“Temptation bundling involves pairing an activity that is good for you in the long-run with an activity that feels good in the short-run.” — Katherine Milkman
“The idea behind temptation bundling is to link an action you want to do with an action you need to do, making it more likely you’ll do the hard thing because the fun thing is bundled with it.” — James Clear
by Katherine Milkman (Milkman, Minson, and Volpp 2014) (Kirgios et al. 2020)
≈ Multichannel Multitasking by Nir Eyal
≈ Mutimodality Mutitasking by Ali Abdaal
A “forcing function” refers to something that drives a desired outcome.
Definition
- 在討厭的事物中,附加喜歡的事物。
- Linking something you enjoy with pursuing a valuable goal that might be a bit of a drag.
- Pair the thing you SHOULD be doing with something you WANT to do.
- Attach something you LOVE to the thing you HATE—give yourself the reward while you do the hard thing.
Temptation bundling works by leveraging the brain’s reward system. When you pair a necessary but unpleasant task with a genuinely enjoyable one, the anticipation of pleasure overrides the natural resistance to effort. This reduces the psychological friction of starting, which is often the hardest part of any task.

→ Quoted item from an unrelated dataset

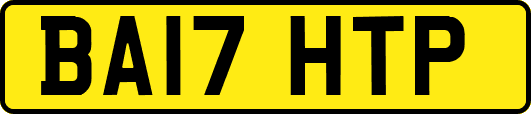 BA17HTP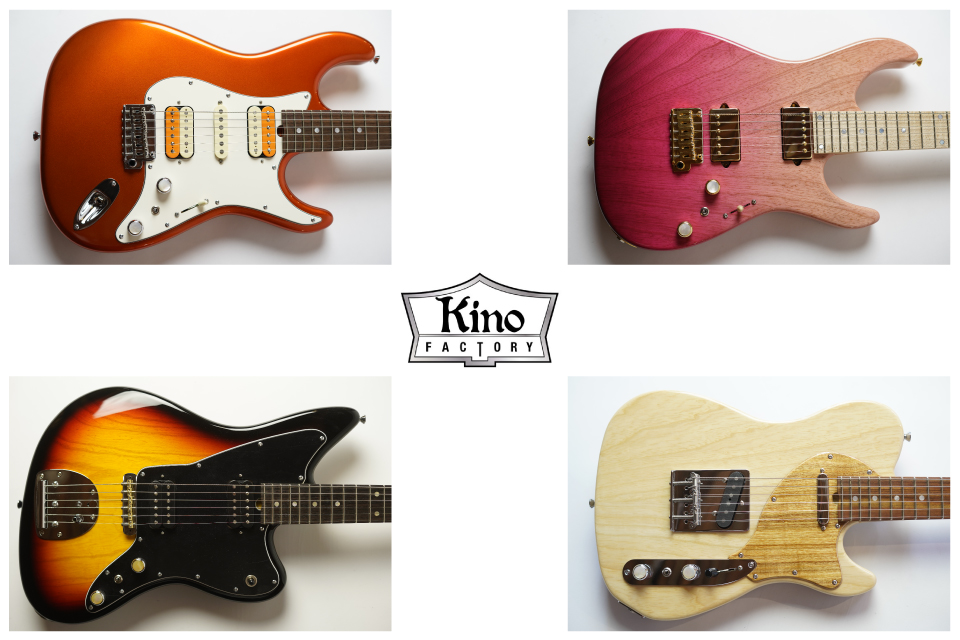 ピックアップ 03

From a behavioral economics perspective, temptation bundling helps solve a present bias problem: we discount future rewards too steeply, so we avoid hard work today even when it benefits tomorrow. By injecting immediate pleasure into the equation, the present-moment calculus shifts in favor of action.
It also reduces the ego depletion effect—the idea that self-control is a finite resource that gets exhausted throughout the day. When temptation bundling removes the need for pure willpower, you can sustain productive behaviors for longer without burning out.

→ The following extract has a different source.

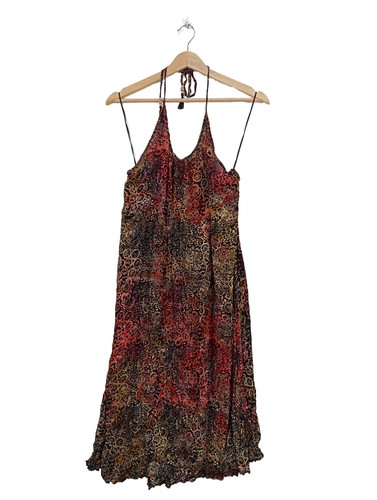 Zara abito estivo donna - abito,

Temptation bundling can be a powerful way to achieve more without exerting much self-control.
For temptation bundling to be effective, the pairing must be exclusive—the enjoyable activity should only be accessible while doing the challenging one. This creates scarcity, which amplifies the perceived value of the reward. Common patterns include:
- Auditory exclusivity: Reserve specific podcasts, audiobooks, or playlists solely for workouts or chores.
- Visual exclusivity: Save certain TV shows or movies only for treadmill time or household tasks.
- Environmental pairing: Designate a specific location or setup (e.g., a favorite café) exclusively for focused deep work.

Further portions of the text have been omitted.